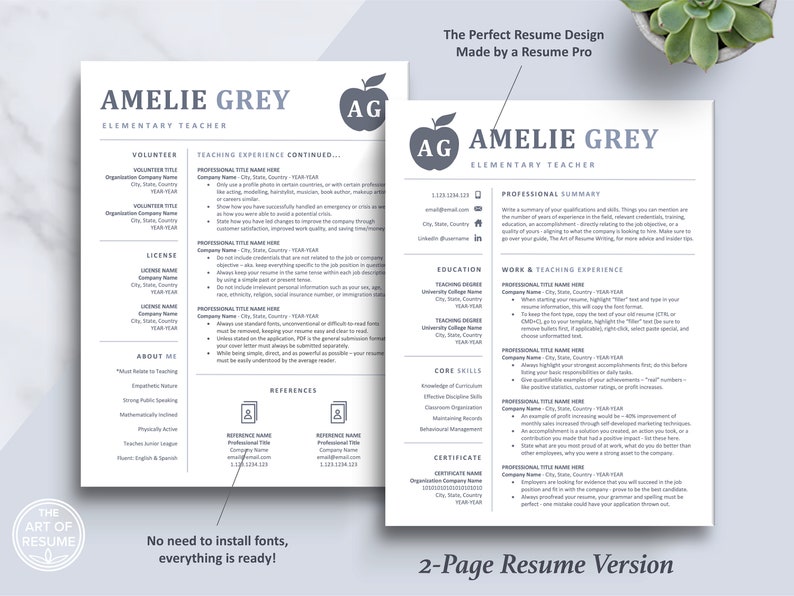 The Art of Resume Templates | Two Page Teacher Blue Grey Executive Resume CV Template | Curriculum Vitae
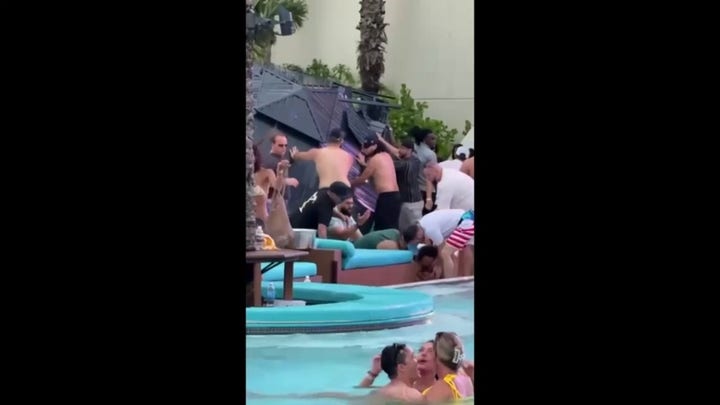 Powerful wind sends cabana frame crashing into pool crowd, injuring guests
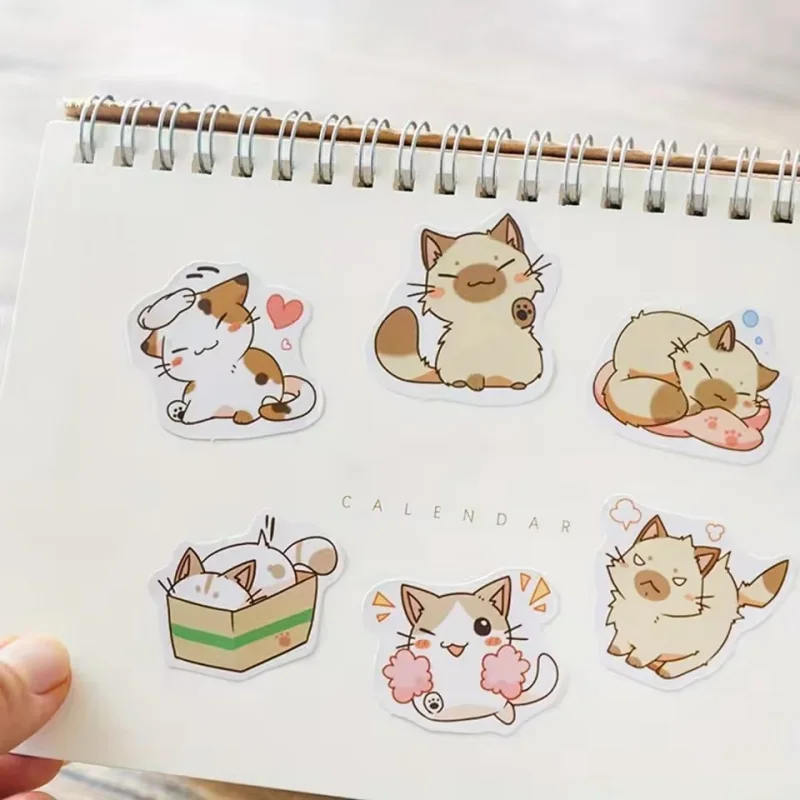 45Pcs Cartoon Cat Stickers Suitable For Suitcases Skateboards Suitcases Laptops DIY Stationery Stickers Decorative Stickers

### ABOUT THIS TASK
Retype all of the material above precisely as it reads. Pictures are not part of the copy.

### EXERCISE RESPONSE
 The Art of Resume Templates | Two Page Teacher Blue Grey Executive Resume CV Template | Curriculum Vitae
 Powerful wind sends cabana frame crashing into pool crowd, injuring guests
 45Pcs Cartoon Cat Stickers Suitable For Suitcases Skateboards Suitcases Laptops DIY Stationery Stickers Decorative Stickers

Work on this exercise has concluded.